The full TensorRT inference-optimization pipeline
ONNX model → Builder engine build → layer/tensor fusion → INT8/FP16 PTQ calibration → custom NMS plugin → SSD inference
TensorRT is NVIDIA's high-performance deep-learning inference SDK. At its core it compiles a "compute graph" into an inference engine (.plan) optimized for a specific GPU. What it does is completely different from a training framework — training cares about gradients; inference cares only about per-image latency and throughput.
Layer/tensor fusion: the most compelling step
A typical conv block in the raw ONNX graph is three separate ops: Conv → BN → ReLU, each launching its own CUDA kernel and reading/writing memory separately. TensorRT's layer fusion collapses these three into a single CBR kernel (Conv-BN-ReLU merged), folding BN's scale/shift into the Conv weights.

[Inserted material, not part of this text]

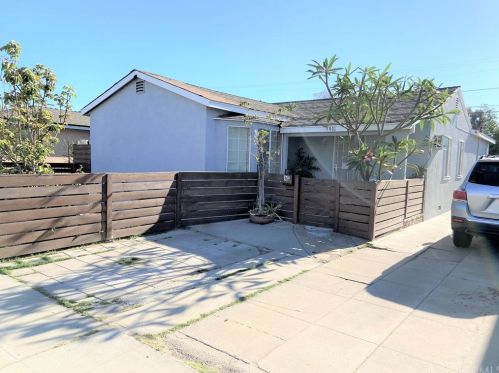 5931 Orange Ave, Long Beach CA  90805-3553 exterior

The effect: kernel launches drop from 9 to 3, eliminating the intermediate-tensor memory round trips. This is exactly what the "graph representation and optimization" layer does — paired with kernel auto-tuning (benchmarking several candidate kernels and picking the fastest).
INT8 / FP16 PTQ calibration
Post-Training Quantization compresses FP32 weights to INT8:
- the calibrator runs the calibration set once, collecting per-layer activation histograms
- from those it picks a per-layer scale, mapping the floating-point dynamic range into INT8's [-128, 127]
- weights and activations both move to integer arithmetic, lifting throughput sharply
The cost is accuracy loss, which must be audited on the calibration set to confirm the drop is acceptable. The course also covers Winograd integer-arithmetic convolution — trading more additions for fewer multiplications to accelerate convolution.
Custom NMS plugin (IPluginV2)
Not every op is built into TensorRT. NMS (non-maximum suppression) in object detection is the classic example — its logic is special and the graph compiler can't decompose it automatically. The solution is a custom plugin:
- implement the
IPluginV2/IPluginV2DynamicExtinterface - write the CUDA kernel for the NMS computation yourself
- register it via a PluginCreator so the Builder slots it into the graph as an ordinary node
This step is where the project most clearly shows senior MLSys skill: writing a custom C++/CUDA op against a production inference runtime, not just calling an API.
Related: distributed training (same course)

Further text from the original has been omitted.